I have lived in the Peak District National Park for many years and yet, although very settled in this stunning part of the world, I still consider Manchester to be my home city. Manchester was the place I cut my teeth as a young lad and, later, a place in which I spent time studying. It will always have a special place in both my life history and my heart.
I get to travel a lot for work and love it. Dipping into different cultures and meeting new people is very special and I fully appreciate how privileged I am. When it comes up in conversation and I get asked where I live I will often choose to say Manchester rather than the Peak District. This is partly because I’m very proud to be a Mancunian, but also because it seems that wherever you go in the world, people have heard of it. Many times this will be via a link to our football clubs or musical prowess and yet sometimes it is because of the cities geographical position or industrial history. For whatever reason, everyone seems to know of the Rainy City.
Recently, I was in northern Spain on a family holiday. We were sitting enjoying the tranquility of the Picos mountains when one of my children saw a news update about the terrorist attack at the Manchester Arena. I’m sure you know about it, but someone had chosen to detonate an explosive device at the end of an Ariane Grande concert. I know the Arena layout and could only imagine the devastation.
Over the coming hours, of course, the full extent of the horror became apparent. 22 fatalities, scores of casualties and countless families for whom the future would be forever changed. Of course, this only recently followed another terrible incident in London but, as horrified by this other attack as I was, I can’t deny the Arena tragedy felt closer to home emotionally. Manchester has always been a huge part of my life and it was hard to comprehend this happening here.

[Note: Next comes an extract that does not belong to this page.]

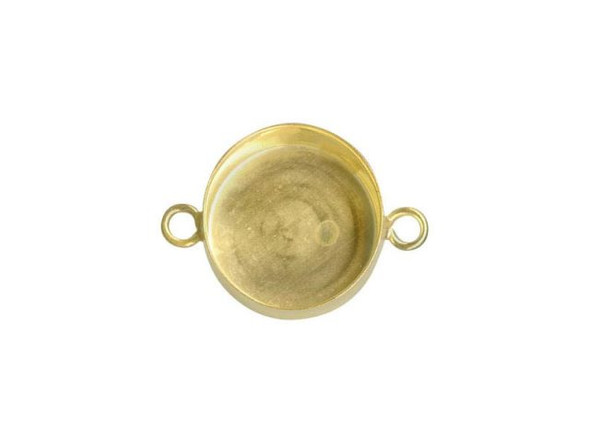 Brass Bezel Cup, Round, 10mm, 2 Loop (10 Pieces)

The day after returning from Spain I had to visit Manchester to apply for a Russian Visa. I drove along Oxford Street and parked up on a rainy and grey Monday morning. In the shops all along the street were the ‘I love Manchester’ signs that have become a symbol of hope and, although people were inevitably getting on with their lives, there was a slightly unnerving quietness about the place. I was sure Manchester would react with resolve, but right now the city had been wounded and needed time to heal.
The Russian visa application process is pretty efficient and I was soon back outside. I stood in Oxford Street and watched the world go by for a few minutes and, although I had a meeting to attend in the early afternoon, I really felt like I didn’t want to leave my city.
I had seen on the news that stacks of memorials and flowers were being left in St Ann’s Square and this had become quite a focal point for people. It hadn’t been my intention but suddenly I was drawn to go there too. I don’t get to Manchester too often and it seemed like an opportunity not to be missed. I made a couple of phone calls, pushed the meeting back, and walked over.
Turning the corner into St Ann’s square was a big surprise. I was aware that a lot of flowers had been left but nothing quite prepared me for the sea of colour and the number of people that were already there early on a Monday. I felt proud to be a Mancunian just as much as I felt so desperately sad. Manchester will heal and the world will keep turning, but so many families will never overcome their grief. No sea of flowers or tributes will make their loss better.
A couple of weeks later another element of closure came with Ariana Grande’s amazing efforts to put on a tribute concert. Victims, attendees of the previous concert and emergency workers were all invited along and many thousands of others bought tickets to attend. I watched the concert on TV and saw such heartfelt warmth and love shared by so many. Manchester was being Manchester.
I’m healing too, but I write this a few weeks on and I still think about it every day. It is hard sometimes to find a path through but what I have learned is that, wherever in the world we live, we are all seeking the same route through things that often feel beyond our control. I am actually writing this in a hut on the side of Mount Elbrus and during my days here I’ve met people from all around the world and shared stories with other mountaineers.
I’ve chewed over politics with Amercians, talked lifestyles with Russians and talked Brexit with lots of Europeans and realised that, just like us all, they have concerns about their place in the world and the future that awaits us.
So I apologise for this post in that I want Peak Mountaineering blog posts to be inspirational and aspirational and yet, despite the negative tone, I hope this still can be. I am trying to say that people are the same wherever you go and, although we all have some demons we can’t control, we need to grasp every opportunity to see the world, to share our stories with others and to bond – whether that is on the streets of Manchester or on a distant mountainside.
My current visit to Russia has played a big part in making me refocus on the bigger picture and that feels very positive. It is a time of sadness, upheaval and the wedges of division are threatening to fracture our world – tragedies like Manchester are a symptom of that. But, as the late MP Jo Cox now famously said, we have more in common than that which divides us. Right, time to play cards with our Russian friends.